These are the key concepts you need to understand to accurately answer the question.

Exponential Sequence
An exponential sequence is a series where each term is formed by raising a constant base to the power of the sequence index, called \( n \). This type of sequence can often be represented as \( a^n \), where \( a \) is the base and has a significant effect on the sequence's behavior as \( n \) grows. Some key characteristics are:
  • The base \( a \) determines how the sequence grows or decays.
  • If \( a > 1 \), the sequence grows exponentially.
  • If \( 0 < a < 1 \), the sequence decays exponentially, heading towards zero.
In our exercise, the sequence is \((0.5)^n + 3(0.75)^n\). Each term has a base less than 1, indicating exponential decay. Understanding this helps predict how each part of the sequence behaves over time.
Sequence Convergence
Sequence convergence is about whether a sequence eventually settles to a particular number, known as the limit. To determine convergence:
  • Examine whether the sequence's terms get closer to a single value.
  • If it does, the sequence converges.
  • If not, the sequence is said to diverge.
In our example, we look at the expression \((0.5)^n + 3(0.75)^n\). As \( n \) approaches infinity, both terms \((0.5)^n\) and \(3(0.75)^n\) shrink towards zero.This means the sequence converges to the limit of 0. Recognizing convergence helps us understand the eventual behavior of sequences.
Limit Properties
Limit properties refer to a set of rules and tactics that help us calculate the limit of more complex sequences.
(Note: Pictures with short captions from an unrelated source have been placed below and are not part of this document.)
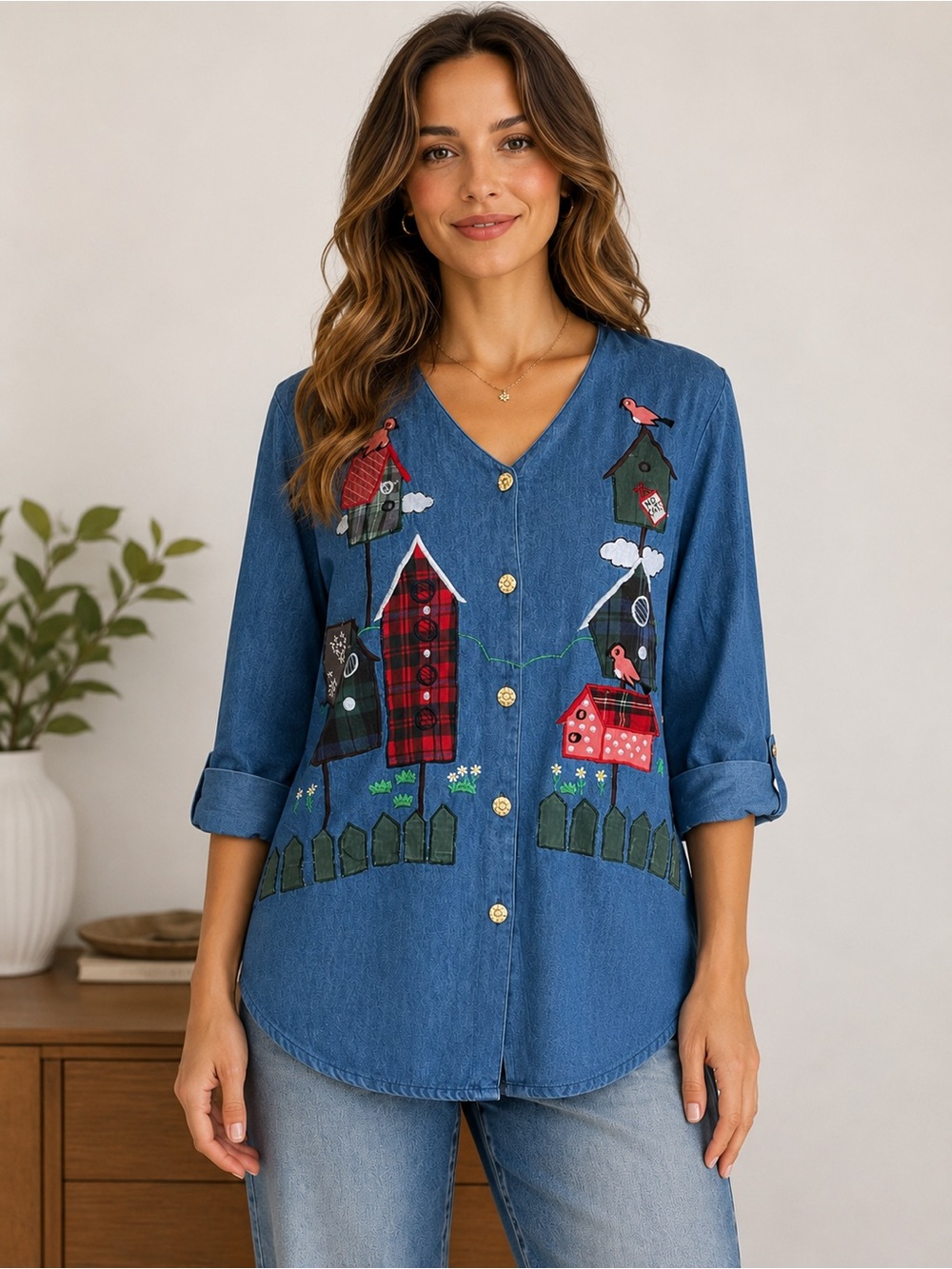 Vintage Country Wear Shirt 8 Medium Birdhouse Birds Appliqué Denim Cottagecore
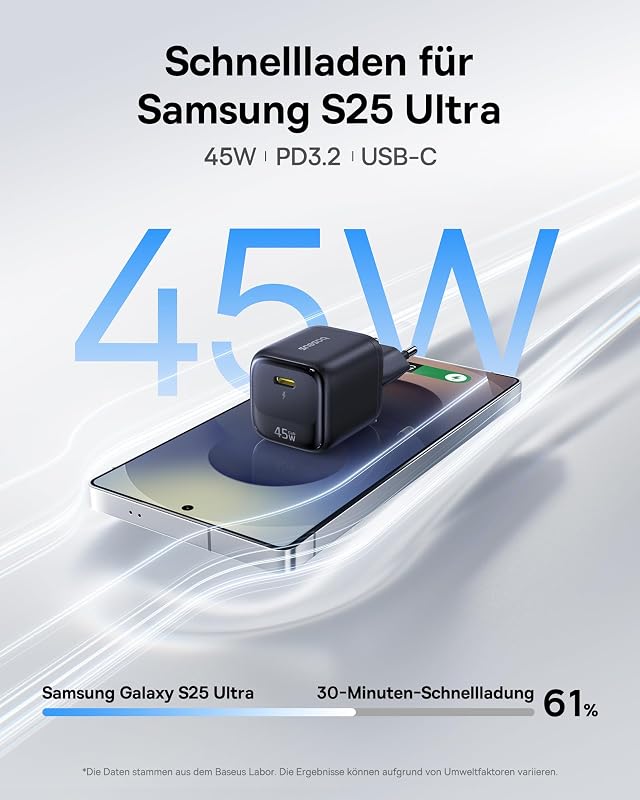 Enerfill 45W USB C Ladegerät, PD 3.2 AVS GaN Schnellladegerät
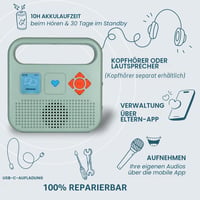 Detský reproduktor s rozprávačom príbehov Merlin LCRMERSPE2GA – mandľovo zelený – 1000 príbehov – obsah od Bayard Milan a Radio France – od 3 do 12 rokov – 17 3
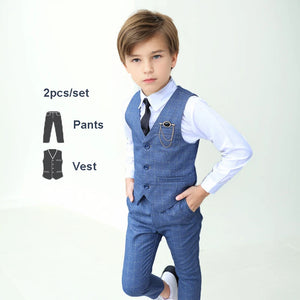Boys Green High-end Suit Set  Child Performance Wedding Birthday Photography Costume Kids Blazer Vest Pants Bowtie Outfit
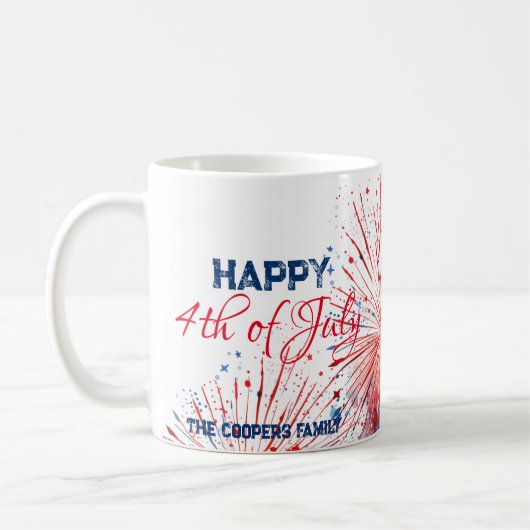 Feierliche Feuerwerke am 4. Juli Individuelle Name Kaffeetasse (Links)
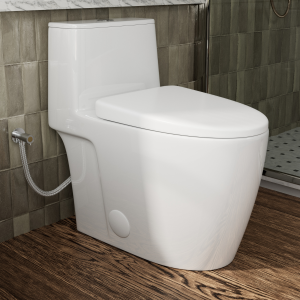 Los Flexi NU6 17.3″ Gloss White Elongated One Piece Toilet With Swirl Flush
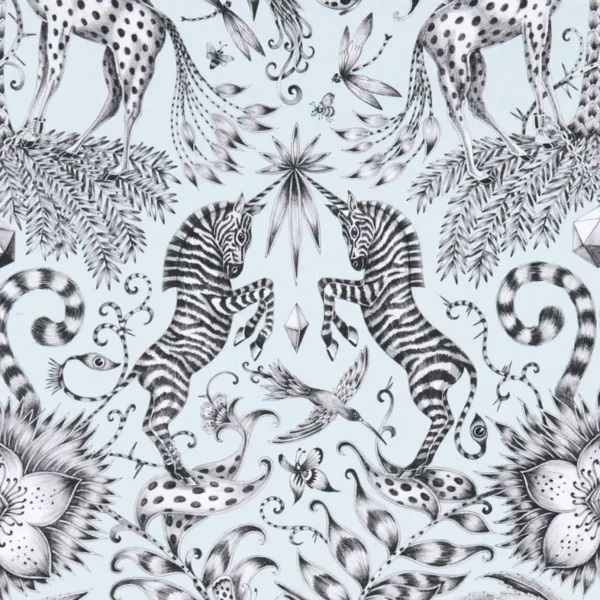 Kruger Fabric - Eggshell by blue animal cotton fabric from Emma Shipley
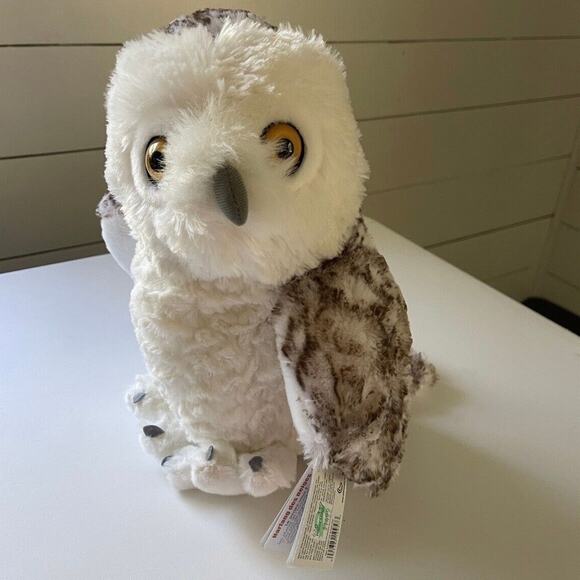 Wild Republic Plush Snowy Owl Hedwig Animal White Brown Soft 1995 - Picture 1 of 6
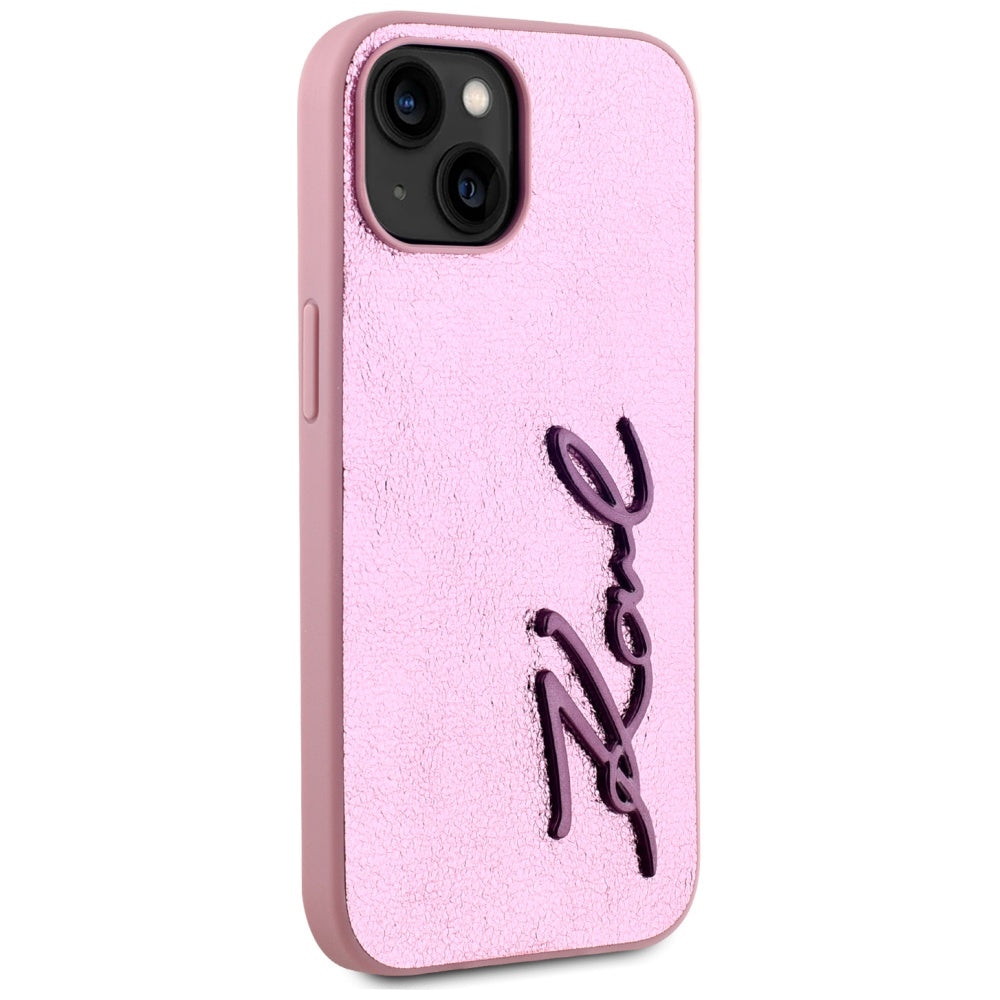 Husa de protectie Karl Lagerfeld Hardcase Leather (KLHCP15SPFMFBKMP) compatibil cu iPhone 15, Roz Metal Signature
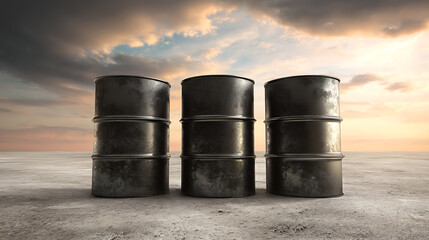 Three barrels are centered, radiating industrial energy on a gritty plane beneath a sky painted with sunset hues, portraying themes of storage and resource.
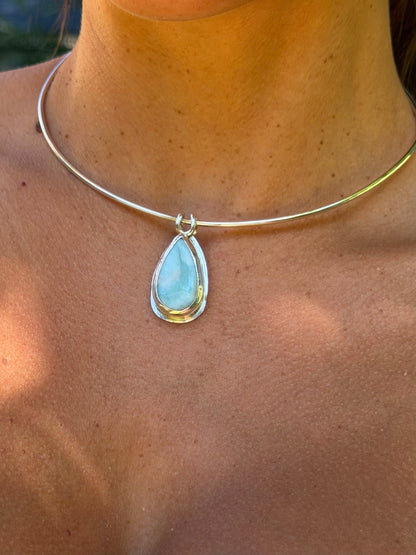 Teardrop Larimar Collar I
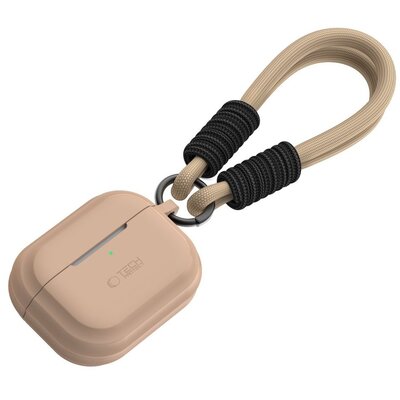 Etui do APPLE AIRPODS PRO 1 / 2 Tech-Protect Silicone Rope Cafe Latte kremowe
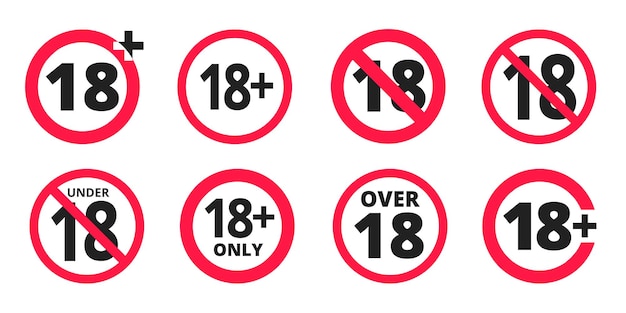 Under 18 forbidden round icon sign vector illustration set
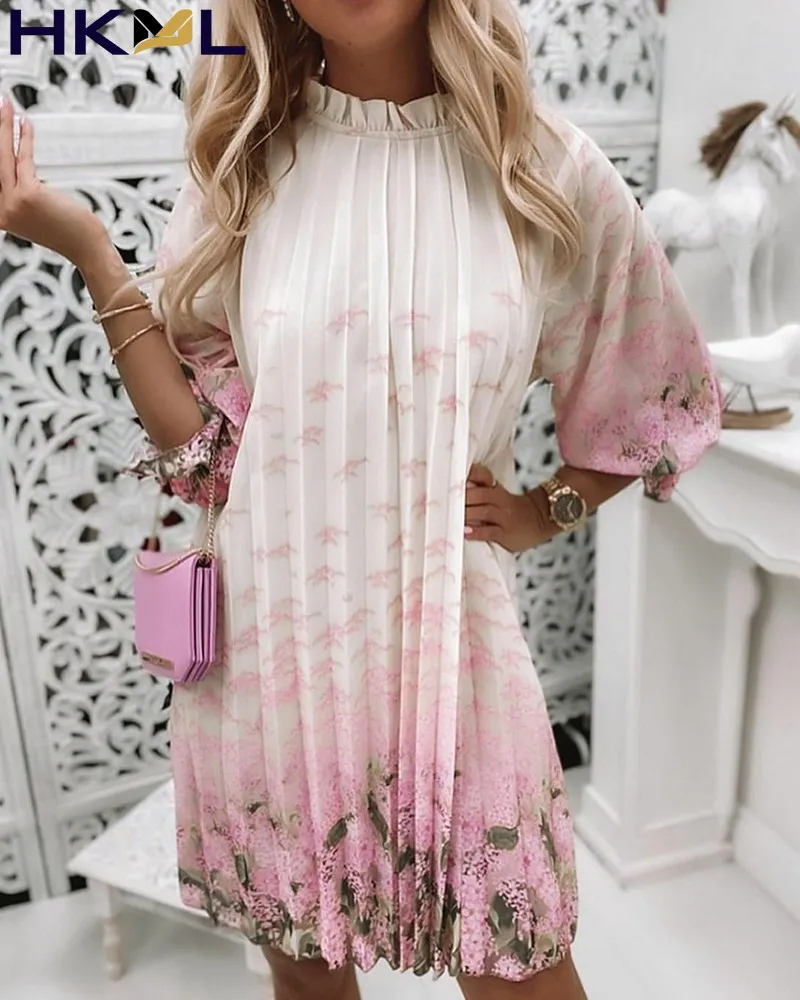 

Women Floral Chiffon Frill Hem O-Neck Flared Sleeves Folds Print Midi Spring Dress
These properties make evaluating limits more manageable:
  • The limit of a sum is the sum of the limits: \( \lim_{n \to \infty} (a_n + b_n) = \lim_{n \to \infty} a_n + \lim_{n \to \infty} b_n \).
  • The limit of a product is the product of the limits if each limit exists.
  • These properties allow breaking down sequences into simpler parts to find the limit.
For the sequence \((0.5)^n + 3(0.75)^n\), we evaluate each term separately. We apply the sum of limits property, calculating each term's limit as \( n \) approaches infinity and summing them for the final result.
Infinity Behavior
Infinity behavior involves understanding how a sequence acts as the index \( n \) tends toward infinity. Analyzing infinity behavior helps us predict long-term trends and the convergence of sequences.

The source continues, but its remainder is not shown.